Common Pleas Court Judge Jeffrey Reed said a local court order was issued Tuesday morning extending the postponement of all jury trials in Allen County through the end of May. In mid-March the court vacated trials and most in-person judicial hearings through May 1 as the coronavirus became a health threat. With a plateau in the number of new virus cases now evident locally, Reed said it’s imperative that plans be put in place to resume trying cases.
“It’s day-to-day, week-by-week right now,” Reed said, “but we’re going to figure a way to hold jury trials starting in June, one way or another.”
One of the biggest obstacles facing the court is the social distancing mandates put in place by Gov. Mike DeWine. The health of prospective jurors who must gather in large numbers for what is known as voir dire — a selection process where potential jurors may be questioned by attorneys — is chief among those concerns.
The narrow, cramped hallway outside the current common pleas courtrooms on the second floor of the Allen County Justice Center does not lend itself as an ideal setting for social distancing purposes. For that reason, Reed said, other options are being explored.
“There’s a large room on the top floor of the old courthouse that would be perfect for trials. There’s a lot of space up there,” Reed said. What is currently lacking, however, is the wiring and equipment necessary for court personnel to record and preserve the official record of a trial.
“There are some logistical issues with sound and recording in the room on the fourth floor, and security is always an issue. We’ve also scoped out the Civic Center” as a possible site for jury trials, Reed said.
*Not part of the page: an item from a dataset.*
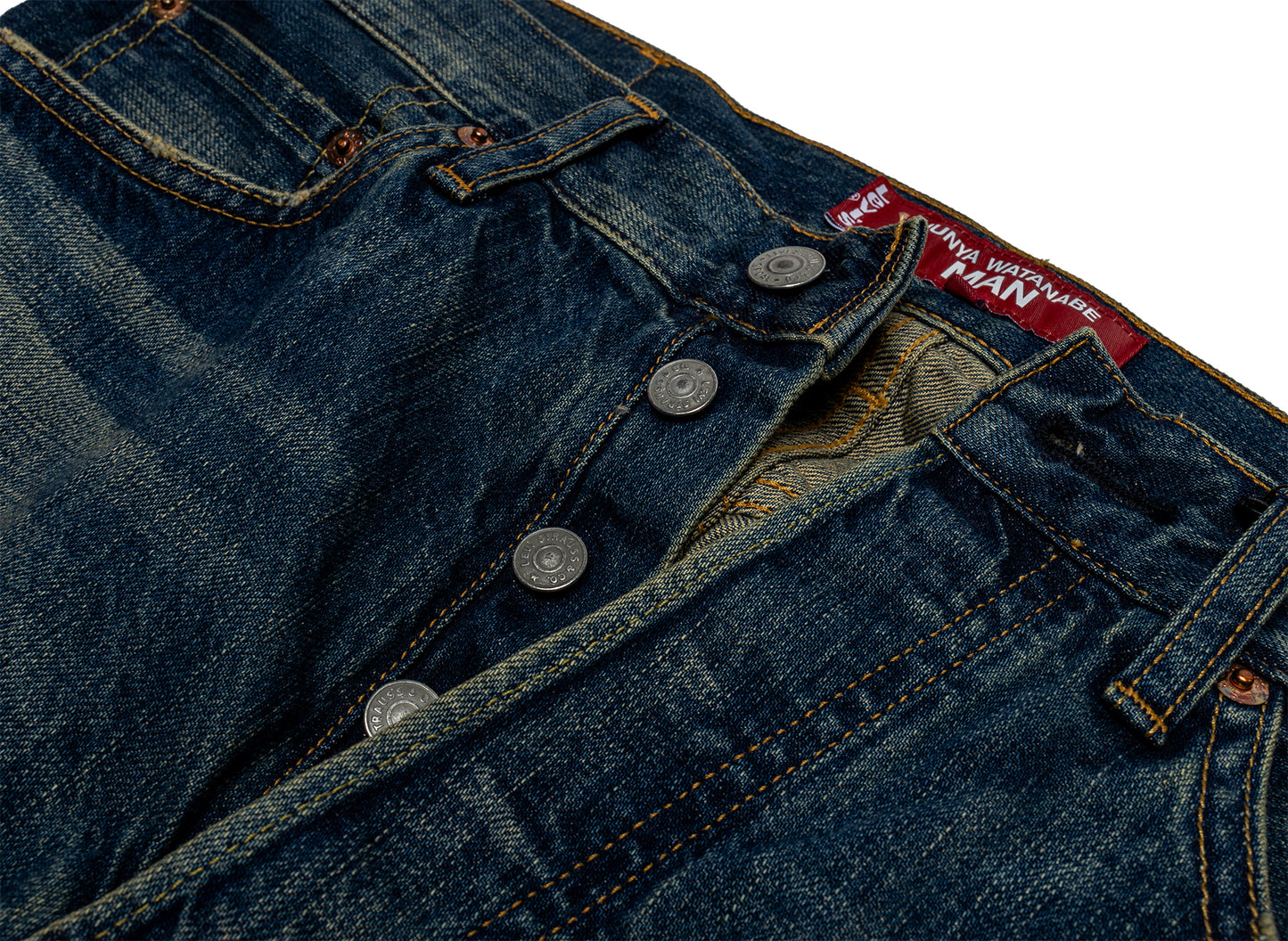 Pantalones vaqueros Junya Watanabe de mezclilla color índigo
“Nothing has been ruled out. My plan is to start having trials in June. Where they will be held and what they will look like is still to be determined,” the judge said.
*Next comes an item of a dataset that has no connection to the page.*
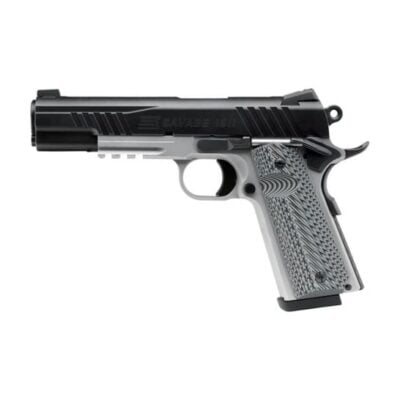 Savage Arms 8+1 45ACP stainless 1911 with Night Fision tritium front sight, ambi safety, G10 grips and light rail for $799 currently here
Reed said when jury trials do resume, restrictions will be in place. The number of spectators and family members allowed in the courtroom will be limited and all persons will be required to wear masks. Smaller than normal jury selection pools could be summoned to accommodate social distancing guidelines.
The Allen County grand jury did not meet in April but will convene next week to hear cases and determine which defendants will be formally charged with crimes. Reed said that while there initially was talk of doing the proceedings electronically to comply with social distancing mandates, it has been determined all necessary parties, with the exception of lay witnesses and perhaps law enforcement, will be present during the sessions.
“It is very important that we maintain the secrecy of the grand jury proceedings,” Reed said.
Civil trials, Reed added, “will probably have to take a back seat” to criminal proceedings as the courts fill their dockets.
“We are just going to be very, very busy” with some high profile jury trials in June, he said.